Terapi Pasien diarahkan sesuai untuk penyakit yang ringan, gejala intermiten. Pasien
dengan gejala yang terus berlangsung lebih dari 2 minggu harus dilakukan pemeriksaan
medis.

Antasida and turunan Asam Alginat Antasida


Pasien harus dididik bahwa antasida adalah komponen yang tepat untuk mengobati
GERD ringan, meskipun dokumentasi keberhasilan antasida dalam uji klinis terkontrol
plasebo kurang. Meskipun literatur agak kontroversial pada keunggulan antasida
dengan plasebo , dokter dan pasien jelas menganggap antasida efektif untuk segera
mengurangi gejala-gejala, dan antasida yang sering digunakan bersamaan dengan
terapi asam. Mempertahankan pH intragastrik > 4 mengurangi aktivasi pepsinogen ke
pepsin, enzim proteolitik. Produk kombinasi bisa lebih baik dibanding antasida
sendirian dalam mengurangi gejala GERD. Produk kombinasi antasida atau antasida
dapat menyebabkan efek samping gastrointestinal ( diare atau sembelit, tergantung
pada produk ), perubahan dalam metabolisme mineral, dan gangguan asam-basa .

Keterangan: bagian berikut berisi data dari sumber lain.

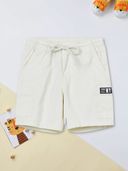 Cream color option
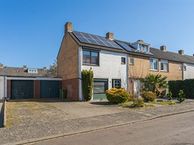 Schippersdreef 11, 6216 TH Maastricht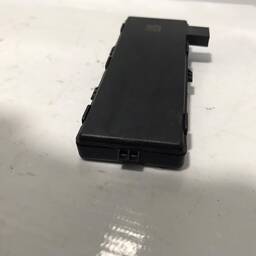 MÓDULO RECEPTOR ALARME CHEVROLET CRUZE 2012/2016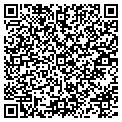QR code with Cassidy Trucking contacts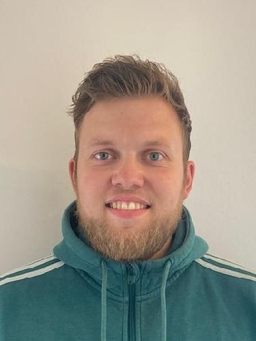 Avatar Bild für Nico Wisloh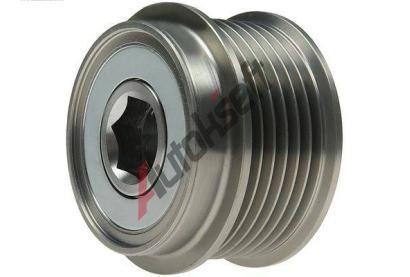AS-PL Alterntorov volnobka APL AFP6008, AFP6008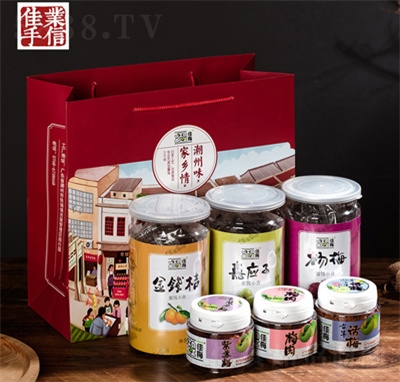 ��÷���T���ɹ�����ʳ��Y��Ԓ÷��÷�������e��ʳ6�޹����Y���b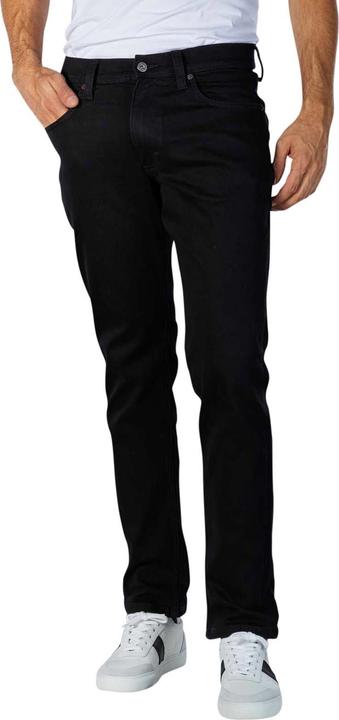 Mustang Washington Jeans Slim 940 (W33/L34)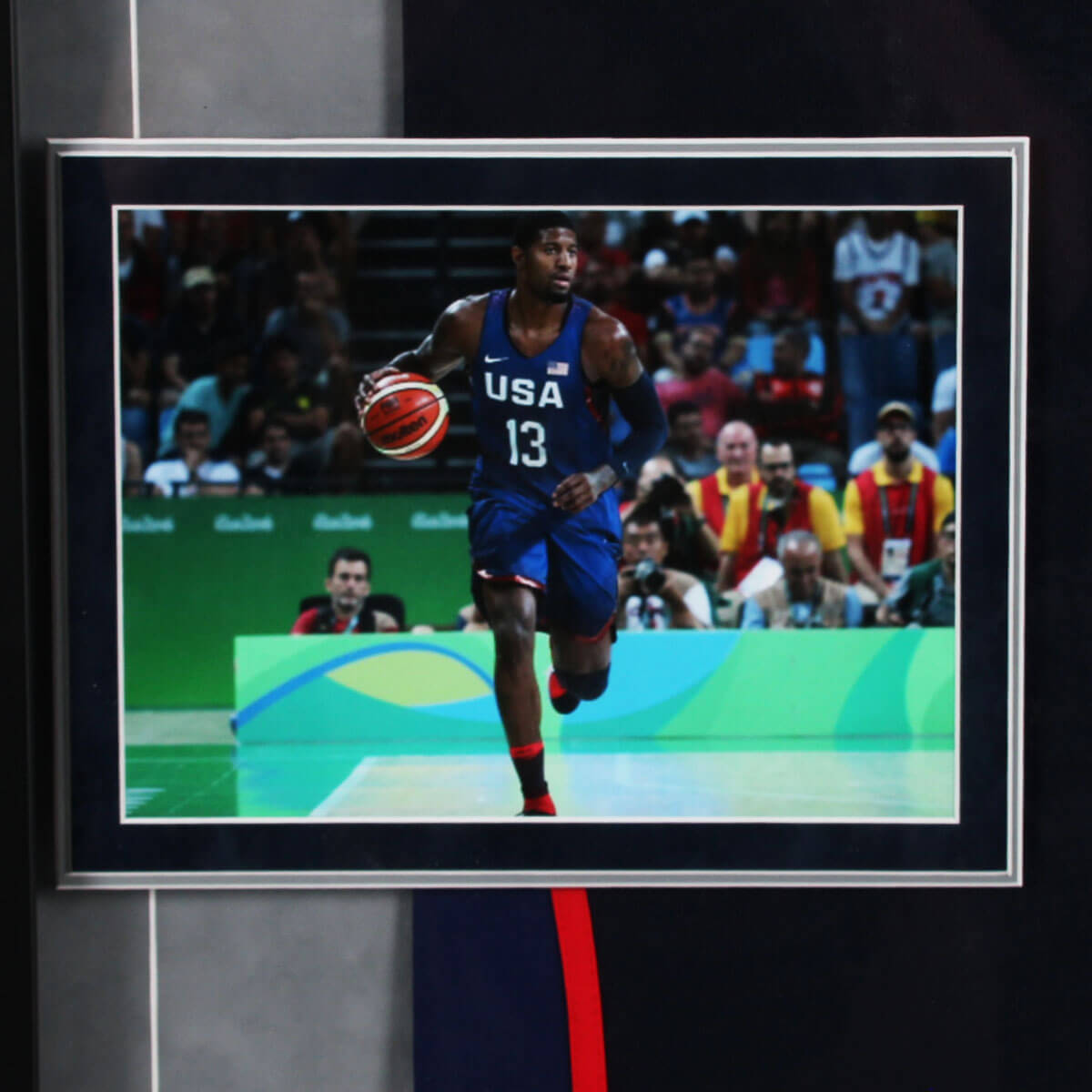 136190-dis_05 136190-dis_05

Antasida yang mengandung aluminium dapat mengikat fosfat dalam usus dan
mengakibatkan demineralisasi tulang . Selain itu, antasida berinteraksi dengan
berbagai obat-obatan dengan mengubah pH lambung, meningkatkan pH urin,
menyerap obat untuk permukaan mereka, memberikan penghalang fisik untuk
penyerapan, atau membentuk kompleks larut dengan obat lain. Antasida memiliki
interaksi obat yang signifikan secara klinis dengan tetrasiklin, besi sulfat, isoniazid,
quinidine, sulfonilurea, dan antibiotik kuinolon. Interaksi antasida dengan beberapa
obat dipengaruhi oleh komposisi, dosis, jadwal dosis, dan perumusan antasid tersebut.
Secara umum, antasida memiliki durasi obat yang singkat sehingga memerlukan
administrasi sering sepanjang hari untuk memberikan netralisasi asam terus menerus.

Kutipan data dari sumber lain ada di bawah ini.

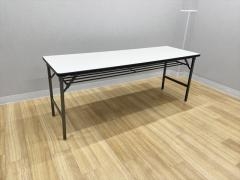 CI r܎ce[u@[~e[u@It@^Cv@LV-1860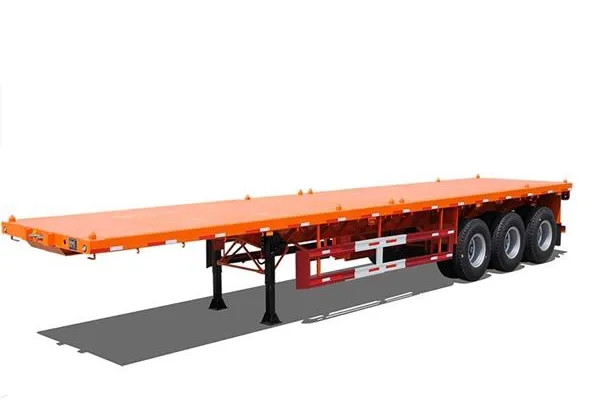 3 teljega lamehaagis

Mengonsumsi antasida setelah makan dapat meningkatkan durasi obat dari sekitar 1
jam sampai 3 jam, namun penekanan asam pada malam hari tidak dapat dipertahankan
dengan dosis tidur.
Nonprescription H2-Receptor Antagonists dan Proton Pump Inhibitors
Antagonis reseptor H2 nonprescription (simetidin, famotidin, nizatidin, dan ranitidin)

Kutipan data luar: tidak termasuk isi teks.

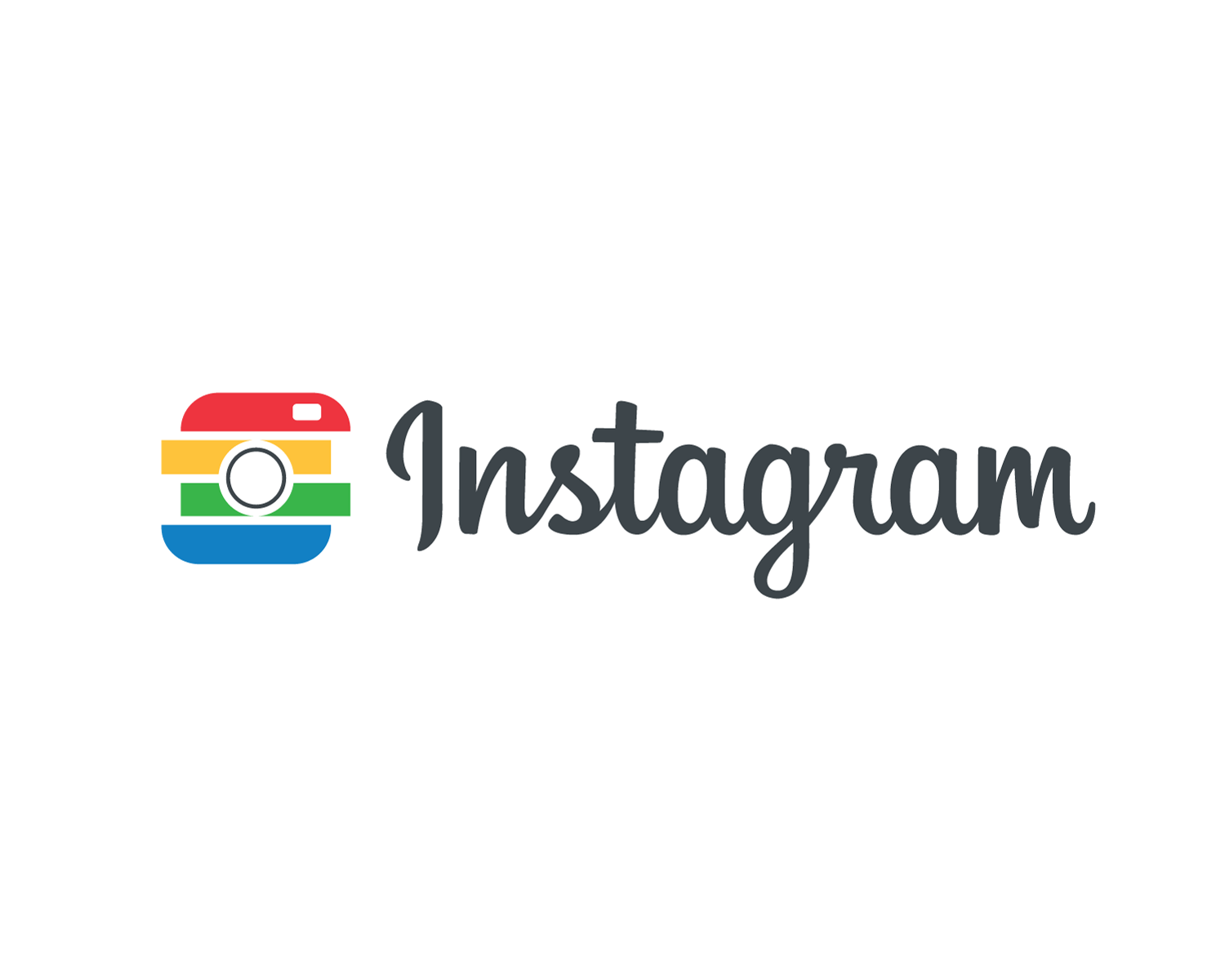 Logo Design by anonrotide for DesignCrowd LLC | Design #10914705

efektif dalam menurunkan asam lambung ketika dikonsumsi sebelum makan dan saat
gejala penurunan GERD terkait dengan olahraga. Antasida mungkin memiliki onset
sedikit lebih cepat dari aksi obat, sedangkan antagonis reseptor H2 memiliki durasi
yang lebih lama dari aksi obat dibandingkan dengan antasida. Proton-pump inhibitor
omeprazole juga dapat digunakan sebagai pengobatan GERD. Sebuah dosis 20 mg per
hari diindikasikan untuk jangka pendek (14 hari) pada pengobatan heartburn. Pasien
yang tidak mengubah gaya hidupnya dan pasien yang diarahkan terapi sampai 2
minggu, harus dilihat kondisinya oleh dokter mereka.
Terapi Penekanan Asam
Terapi penekan asam dengan kekuatan obat yang diresepkan berupa antagonis reseptor
H2 dan inhibitor pompa proton adalah andalan pengobatan GERD. Antagonis reseptor
H2 (Cimetidine, Famotidine, nizatidine, dan Ranitidine) antagonis reseptor H2 dalam
dosis terbagi efektif dalam mengobati pasien GERD ringan sampai sedang. Sebagian
besar percobaan yang menilai efikasi dosis standar H2-reseptor antagonis
menunjukkan bahwa perbaikan gejala dicapai dalam rata-rata 60% pasien setelah 12
minggu terapi. Namun, tingkat penyembuhan endoskopik cenderung lebih rendah,
rata-rata 50%.
Efektivitas H2-reseptor antagonis dalam manajemen GERD sangat bervariasi dan
sering lebih rendah dari yang diinginkan. Respon terhadap antagonis reseptor H2 tergantung
pada (a) tingkat keparahan penyakit, (b) dosis regimen yang digunakan, dan (c) durasi terapi.
Faktor-faktor ini penting untuk diingat ketika membandingkan berbagai uji klinis dan / atau
menilai respon pasien terhadap terapi. Tingkat keparahan esophagitis memiliki dampak
mendalam pada respon pasien terhadap antagonis reseptor H2. Untuk mengurangi gejala-
gejala GERD ringan, dosis rendah, antagonis reseptor H2 tanpa resep atau dosis standar yang
diberikan dua kali sehari mungkin bermanfaat. Pasien yang tidak merespon pada dosis standar
mungkin hypersekresi dari asam lambung dan akan memerlukan dosis yang lebih tinggi.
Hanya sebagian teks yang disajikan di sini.